Data below >>
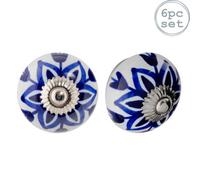 Nicola Spring Round Ceramic Cabinet Knobs - Navy Flower - Pack Of 6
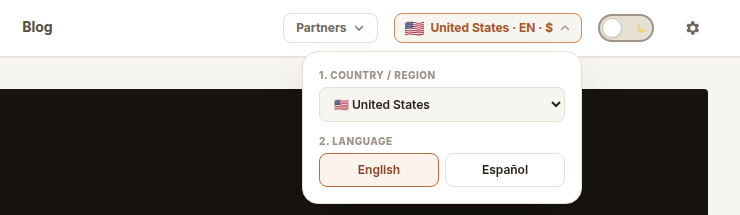 The country and language menu in the page header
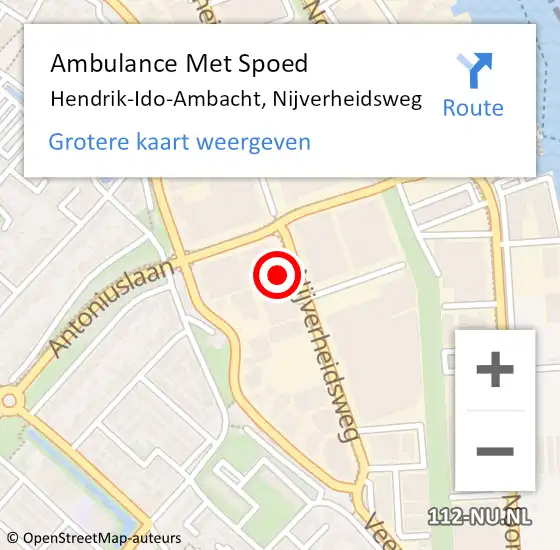 Locatie op kaart van de 112 melding: Ambulance Met Spoed Naar Hendrik-Ido-Ambacht, Nijverheidsweg op 10 januari 2025 12:08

Task >> The response must repeat all the lines above exactly and include no pictures.

Solution to the exercise >>
 Nicola Spring Round Ceramic Cabinet Knobs - Navy Flower - Pack Of 6
 The country and language menu in the page header
 Locatie op kaart van de 112 melding: Ambulance Met Spoed Naar Hendrik-Ido-Ambacht, Nijverheidsweg op 10 januari 2025 12:08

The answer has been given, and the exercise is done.